Consumer and corporate customers are getting used to fast, tailored services that anticipate their needs before they even have them. As a result, businesses can’t turn a blind eye to customer behaviours in 2017 – they will need to develop constant, faster feedback loops to provide the level of engagement and customisation required by today’s market or risk the bottom line. Across the board and internationally, SMBs are realising more and more that in order to win this kind of customer loyalty and remain competitive, they need to be better at collecting and interpreting data. This means data-related start-ups will become a commodity in the next 12 to 18 months, across all industries. Those that can leverage data to provide an experience or benefit to end-users based on predictions of what will appeal to them will have the most significant opportunities down the line, particularly across travel, entertainment and health verticals.
This will be a particularly exciting area for Australia in the coming year because when it comes to big data, service predictions and anticipating the needs of customers, this region is already ranking high. We’ve seen, and will continue to see, many market-leading initiatives from the start-up community and banks in particular, making this an area of high growth and one to watch in 2017.
Enterprise market saturation yields new alliances, creating massive opportunity for start-ups and SMEs.

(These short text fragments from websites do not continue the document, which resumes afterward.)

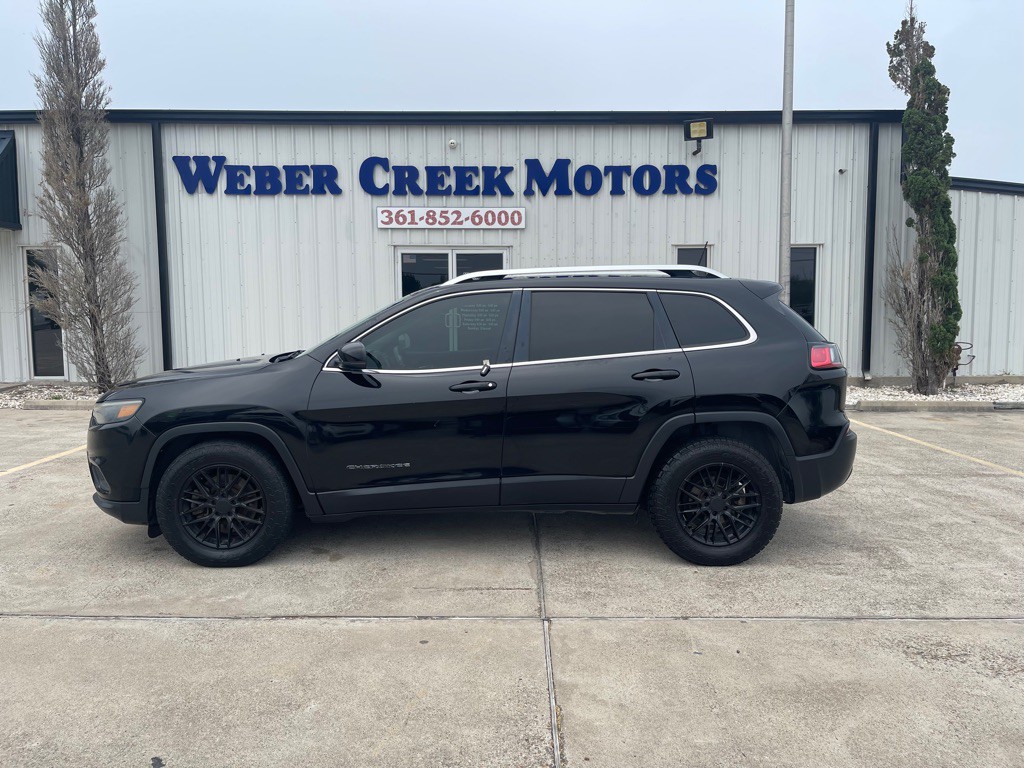 2019 Jeep Cherokee Image 1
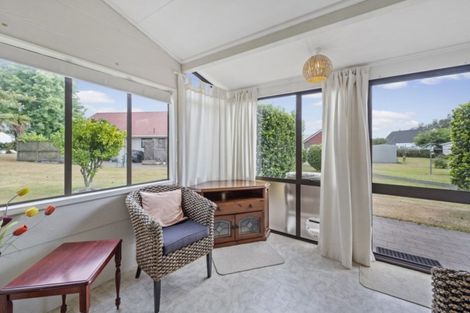 Photo of property in 26 Kingfisher Way, Te Kowhai, Hamilton, 3288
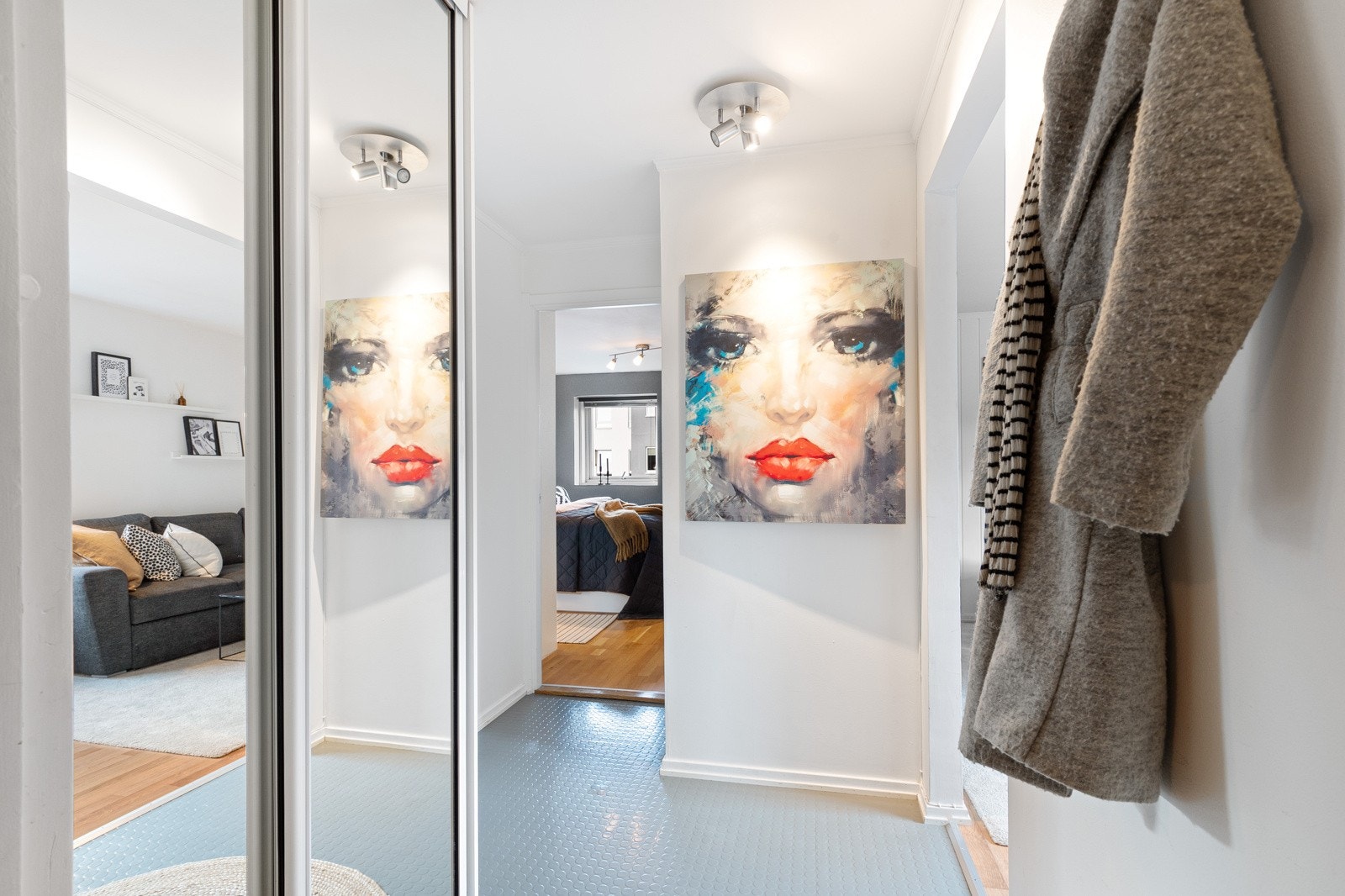 Gang med garderobe. God plass til sko og jakker. Galleribilde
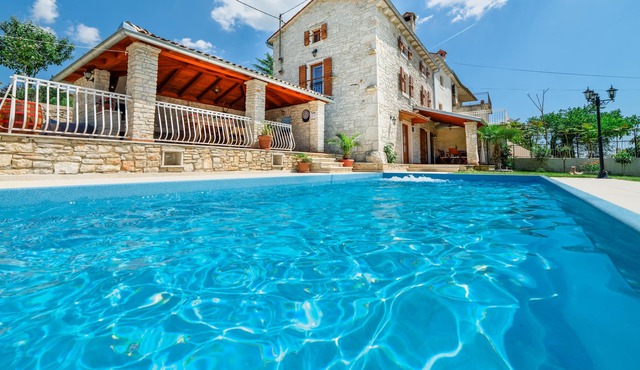 Heated pool, boat trips, barbecue, WiFi, bicycles, table tennis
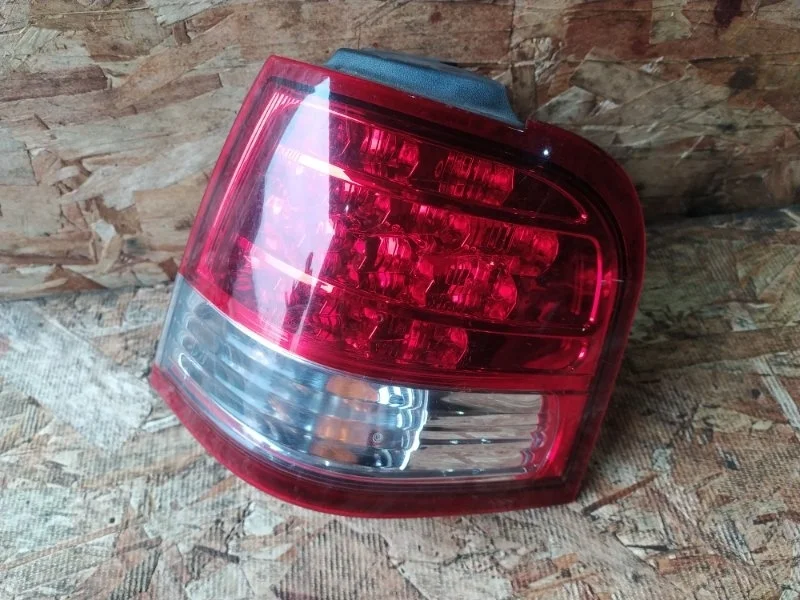 Фонарь FORD Escape 2010 ZD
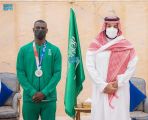 #عاجل  سمو #ولي_العهد يلتقي اللاعب #طارق_حامدي، معبرًا عن تهنئته له بمناسبة  حصوله على الميدالية الفضية في دورة الألعاب الأولمبية #طوكيو2020 وما قدمه من مستويات مميزة في لعبة الكاراتيه.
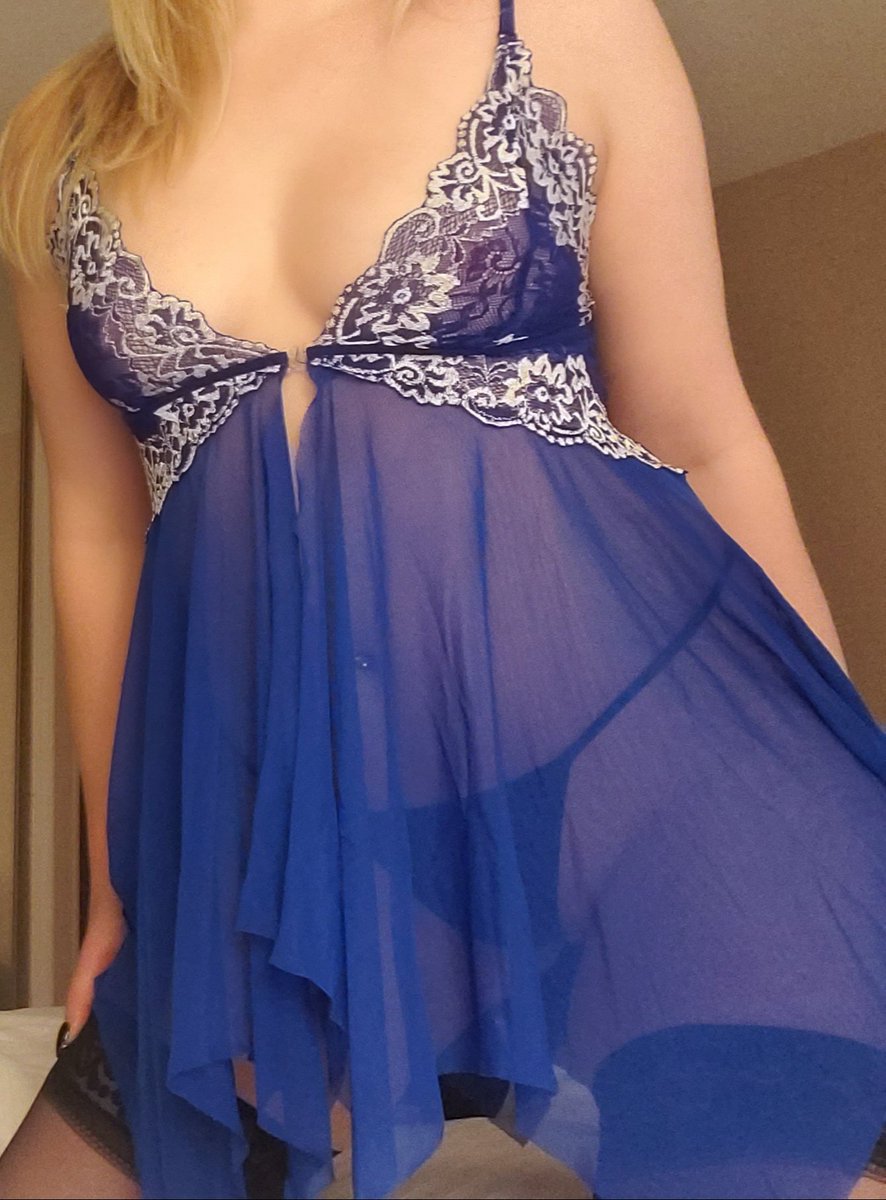 Noraundressed's tweet photo. Indulge in your deepest desires 🖤 
Open to most fetish requests 
@adults_RT
@CafNotaclue @DD_DailyDose @ccc_companions @IndysOnly @Ralfie18BK @WG6Canada @yeg_adult_rt @caf_rt @cafreviews_com https://t.co/N0RH26feju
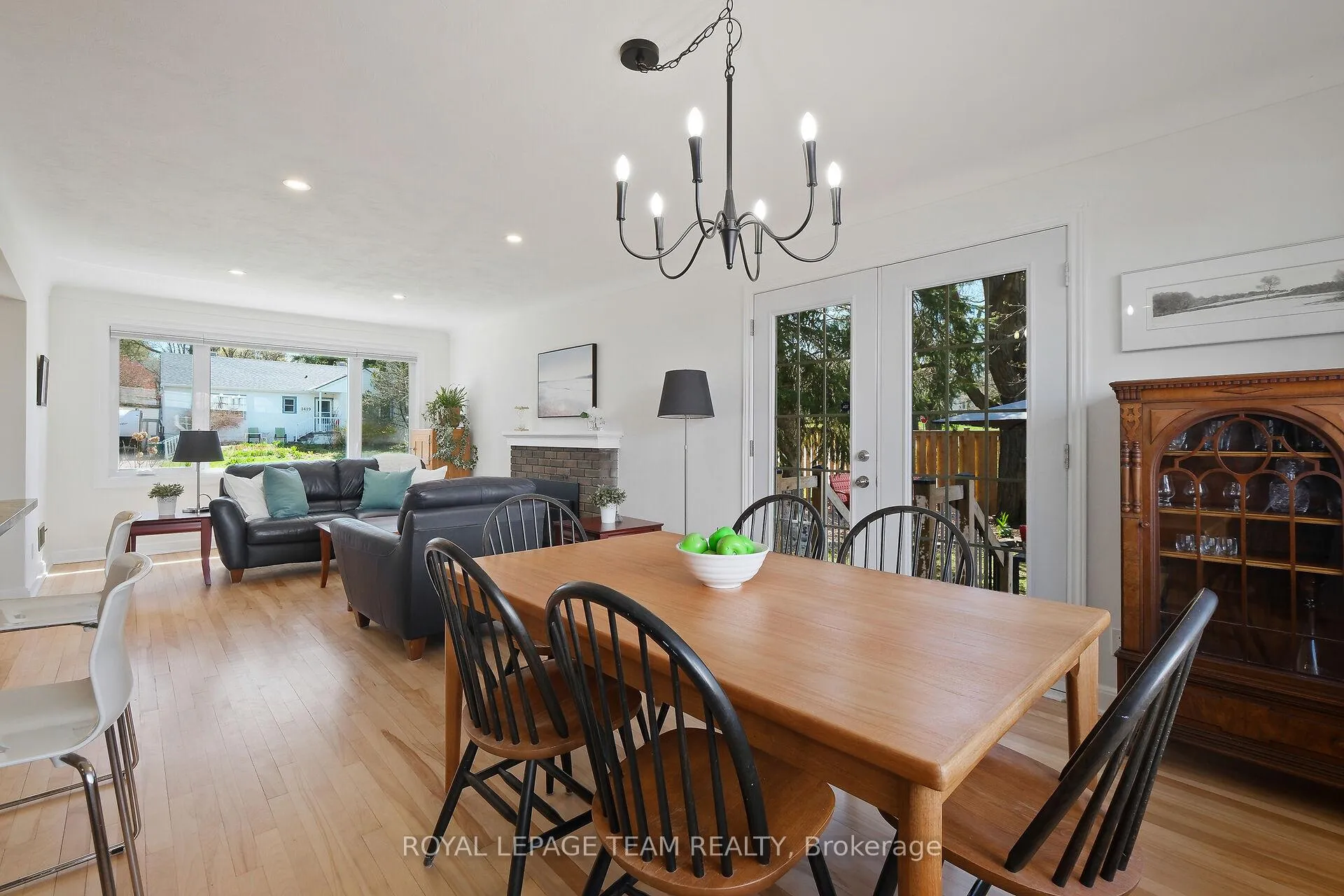 Photo 6 of 1416 Cavendish Road, Ottawa, Applewood Acres — HOMEH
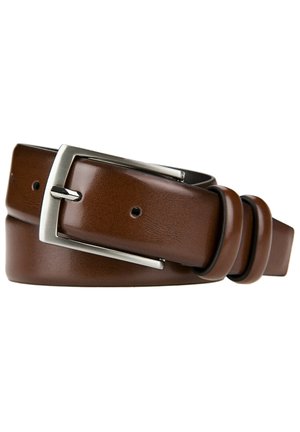 Brązowy skórzany pasek o gładkim wykończeniu, z metalową srebrną klamrą i czterema otworami do regulacji, prezentujący klasyczny design.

In the next year or two, the oversaturated enterprise market will mean new alliances between huge enterprises – think Apple, Microsoft and big banks – and it will be interesting to see how these bigger players form new entities, teams or mergers. This will create cracks and gaps that are perfect for start-ups and SMEs to come in and fill. Because smaller businesses are typically more agile and able to take risks, this great enterprise collision will mean massive opportunities for those willing to jump in and grab them.